Stuart Newall (baptised as Stewart) was born in the parish of Durrisdeer, Dumfriesshire, Scotland, on 9 May 1843, the son of Thomas Newall, a tailor, and his wife, Anne Dalziel. Nothing is known of his early life. In January 1863 he emigrated to Australia, and after a brief sojourn in Victoria arrived in Port Chalmers, New Zealand, in May of the same year. Newall spent a few months unsuccessfully seeking gold on the West Taieri diggings, then enlisted as a private in the 3rd Regiment, Waikato Militia, in Dunedin on 2 December 1863. He performed convoy escort and garrison duty in south Auckland and Waikato, and rapidly rose through the ranks, becoming a colour sergeant in July 1864. In November 1865 Newall was promoted to staff sergeant and made regimental orderly-room clerk.

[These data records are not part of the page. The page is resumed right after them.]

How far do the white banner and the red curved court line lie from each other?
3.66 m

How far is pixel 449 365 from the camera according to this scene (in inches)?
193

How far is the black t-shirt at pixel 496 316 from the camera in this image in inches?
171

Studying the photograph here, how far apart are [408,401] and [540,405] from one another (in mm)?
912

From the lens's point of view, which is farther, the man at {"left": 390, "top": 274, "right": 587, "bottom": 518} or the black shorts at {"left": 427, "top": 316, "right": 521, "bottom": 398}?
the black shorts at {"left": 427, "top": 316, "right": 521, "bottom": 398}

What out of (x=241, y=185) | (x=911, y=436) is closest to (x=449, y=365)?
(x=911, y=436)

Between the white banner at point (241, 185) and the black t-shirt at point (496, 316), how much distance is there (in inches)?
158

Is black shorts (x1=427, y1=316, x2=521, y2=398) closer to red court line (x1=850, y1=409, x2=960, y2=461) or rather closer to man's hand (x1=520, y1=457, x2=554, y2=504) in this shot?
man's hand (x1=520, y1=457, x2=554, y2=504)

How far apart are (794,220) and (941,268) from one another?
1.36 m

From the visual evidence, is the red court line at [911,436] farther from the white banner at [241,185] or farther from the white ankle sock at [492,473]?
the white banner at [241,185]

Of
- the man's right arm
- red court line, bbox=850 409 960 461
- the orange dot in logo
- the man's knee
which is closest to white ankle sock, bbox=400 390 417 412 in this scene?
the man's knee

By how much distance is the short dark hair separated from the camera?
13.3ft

On 10 March 1868 Newall transferred, with the rank of sergeant, to the No 4 Division of the newly formed New Zealand Armed Constabulary. In January the following year his unit was transferred from Waikato to Wanganui where it joined Colonel George Whitmore's forces for what was to be the last campaign against Ngati Ruanui leader Titokowaru. Newall took part in the action at Otautu on 13 March, and also in the pursuit of Titokowaru and his followers through the dense south Taranaki bush.

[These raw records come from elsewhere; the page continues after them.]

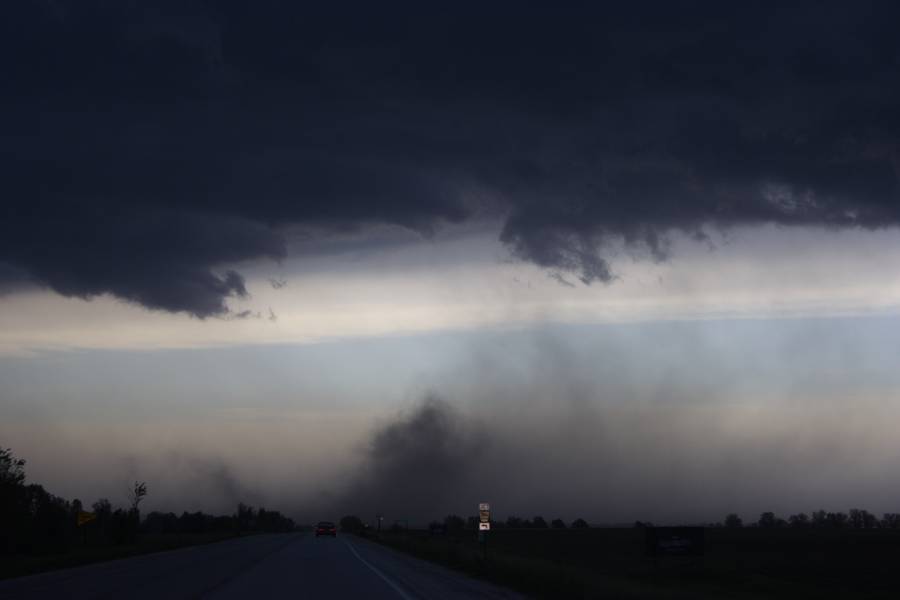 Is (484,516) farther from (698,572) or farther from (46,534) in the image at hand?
(46,534)

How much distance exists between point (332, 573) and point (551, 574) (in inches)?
359

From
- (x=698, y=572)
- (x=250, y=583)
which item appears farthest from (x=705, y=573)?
(x=250, y=583)

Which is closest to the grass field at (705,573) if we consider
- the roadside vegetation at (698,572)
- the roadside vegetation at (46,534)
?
the roadside vegetation at (698,572)

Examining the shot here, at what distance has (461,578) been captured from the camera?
36.0 metres

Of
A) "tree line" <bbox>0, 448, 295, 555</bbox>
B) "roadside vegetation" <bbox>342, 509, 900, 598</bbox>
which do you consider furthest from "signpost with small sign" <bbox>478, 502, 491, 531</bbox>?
"tree line" <bbox>0, 448, 295, 555</bbox>

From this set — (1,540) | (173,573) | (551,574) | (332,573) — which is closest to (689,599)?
(551,574)

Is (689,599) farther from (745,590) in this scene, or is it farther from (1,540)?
(1,540)

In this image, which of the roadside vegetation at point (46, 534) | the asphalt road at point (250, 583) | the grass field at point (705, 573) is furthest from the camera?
the roadside vegetation at point (46, 534)

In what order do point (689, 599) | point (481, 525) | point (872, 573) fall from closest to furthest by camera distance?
1. point (689, 599)
2. point (481, 525)
3. point (872, 573)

The Armed Constabulary Field Force was transported to the Bay of Plenty in April 1869 for the campaign against Te Kooti. In May, Whitmore launched an invasion of the rugged Urewera country. Newall was involved in a number of the engagements in this difficult campaign. He was commissioned in the field as an acting sub-inspector on 10 June 1869, serving first with Major John Roberts's column and later under Lieutenant Colonel John St John.

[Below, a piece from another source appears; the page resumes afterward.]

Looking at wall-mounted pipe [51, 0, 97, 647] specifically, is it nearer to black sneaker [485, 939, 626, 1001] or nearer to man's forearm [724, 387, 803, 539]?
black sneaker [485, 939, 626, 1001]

Newall now began to assume positions of responsibility. During January and February 1870 he commanded a unit engaged in operations against Te Kooti around Tapapa in eastern Waikato. Between 1870 and 1875 he was in command of Armed Constabulary posts at Cambridge and elsewhere in Waikato. For some time he also acted as postmaster in Cambridge. In 1871 the government presented him with a gold watch in appreciation of his work in writing an important military report on the Waikato region. At Cambridge on 12 March 1872, Newall married Georgina Roberts, the younger sister of his close friend and fellow officer, John Roberts. Their happy marriage produced four daughters and a son before Georgina Newall's death on 22 June 1908.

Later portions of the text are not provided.